NFT-SEC-HealthExposesSecurity: Health endpoint surfaces security state

Summary: The /health endpoint MUST reflect security state — repeated operator-command signature failures, repeated peer-credential mismatches, repeated schema-violation rates all MUST be visible to ops. Traces to: security principle Health endpoint MUST reflect security state.
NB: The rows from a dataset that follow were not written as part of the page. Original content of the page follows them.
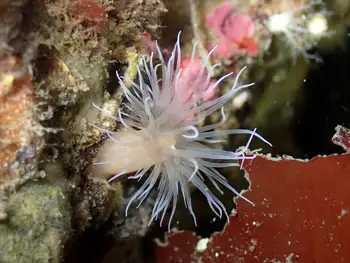 Tiny Orange Anemone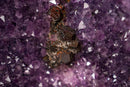 Tall Amethyst Cathedral Geode - Sculptural Formation with Purple Druzy (27 in / 58 Lb) - E2D Crystals & Minerals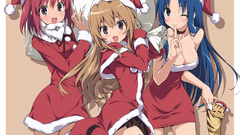 Christmas outfits Palmtop Tiger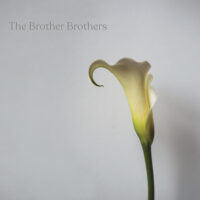 The Brother Brothers – Calla Lily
Tier: B.

Preconditions:

  • SUT in steady state; counters baselined.
Step Consumer Action Expected Response
1 Drive sustained signature-failure rate (10 / s) for 10 s via the NFT-SEC-O10 flow GET /health exposes a security sub-object that includes operator_cmd_rejected_signature_rate_60s non-zero; if rate exceeds the configured alert threshold, the security sub-object transitions to yellow
2 Drive sustained peer-credential-mismatch attempts (1 / s) for 60 s via NFT-SEC-IpcPeerAuth security.ipc_peer_auth_rejected_rate_60s non-zero; transitions to yellow at threshold
3 Drive sustained Tier-1 schema-violation rate (1 / s) via NFT-SEC-Tier1SchemaViolation security.tier1_invalid_rate_60s non-zero

Pass criteria: exact (health.security exposes each rate) + exact (transition to yellow at threshold). Test status: READY.
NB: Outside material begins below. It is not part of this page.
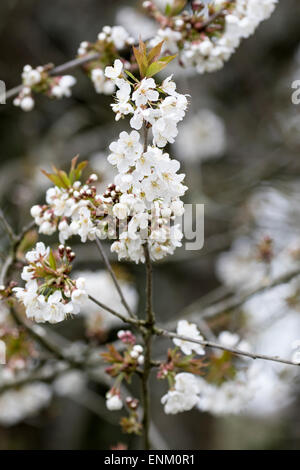 Prunus Avium, Laubbaum, gemeinhin als Wildkirsche, Süßkirsche, Vogel-Kirsche oder Gean. Frühling in voller Blüte Stockfoto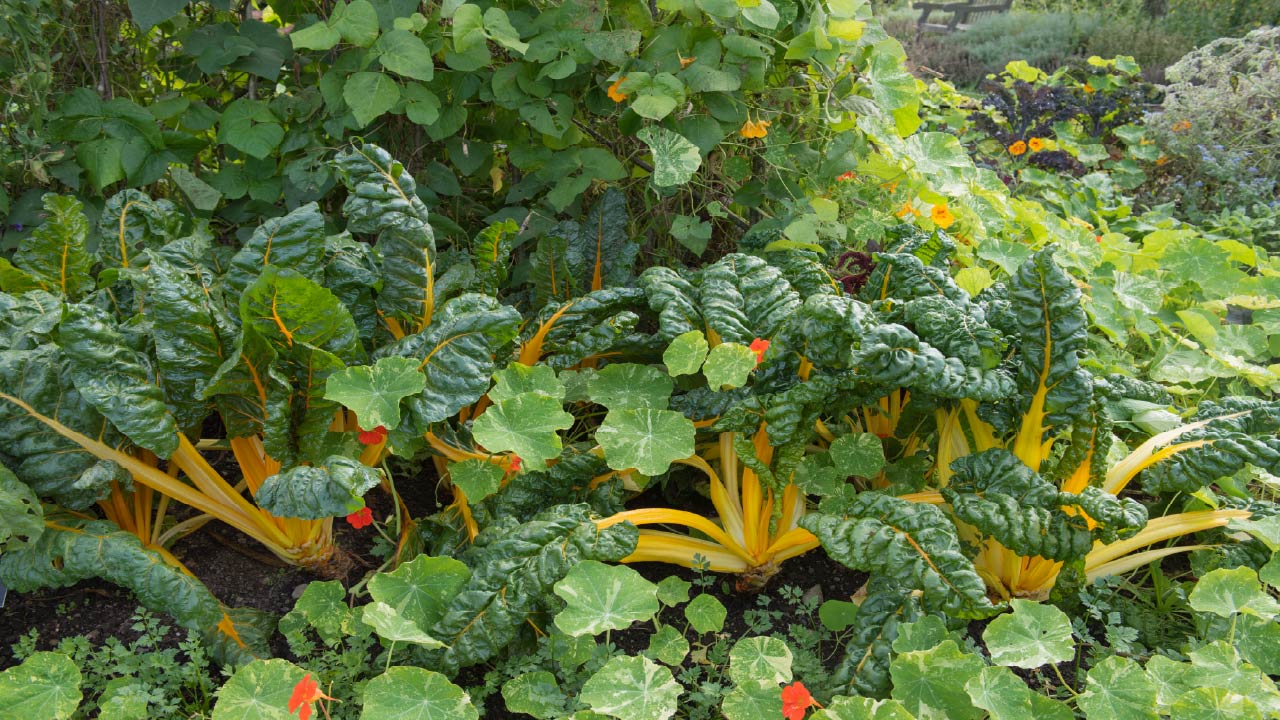 How to Save Water in a Vegetable Garden: Easy Tips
Out of scope at this layer

Per security_approach.md → "Out of scope", the following are NOT covered by blackbox security tests because they are owned elsewhere in the suite:

  • Modem-link encryption setup (radio layer below autopilot).
  • Suite-wide TLS / certificate provisioning (suite-level deployment, ../_infra/).
  • OTA update signing (Watchtower; autopilot consumes signed images only). Boot-time self-check + rollback is Q10 — when it lands, it becomes a new scenario here.
  • Annotation / training-data security (../ai-training repo).
  • Operator browser UI auth (Ground Station owns it; only the modem-side handshake is jointly specified per Q9, covered by O8/O9/O10).
  • Multi-operator session policy (Q11 — when it lands, becomes a new scenario here).

Common assertions

  • No silent rejection. Every rejected security event MUST produce both a counter increment AND a structured-log entry at WARN+. A rejection that occurs silently is a TEST FAILURE.
  • Fail-closed everywhere. When an authentication / signature / schema check is uncertain, the SUT MUST fail closed (reject) rather than fail open. Tests assert this by sending borderline / ambiguous inputs and checking for rejection.
  • No information leak in error paths. Error responses (where the SUT exposes any to the operator-stream or health endpoint) MUST NOT leak the rejected payload contents beyond the minimum needed for ops to triage. Tests inspect log/health output for absence of crafted-payload byte sequences.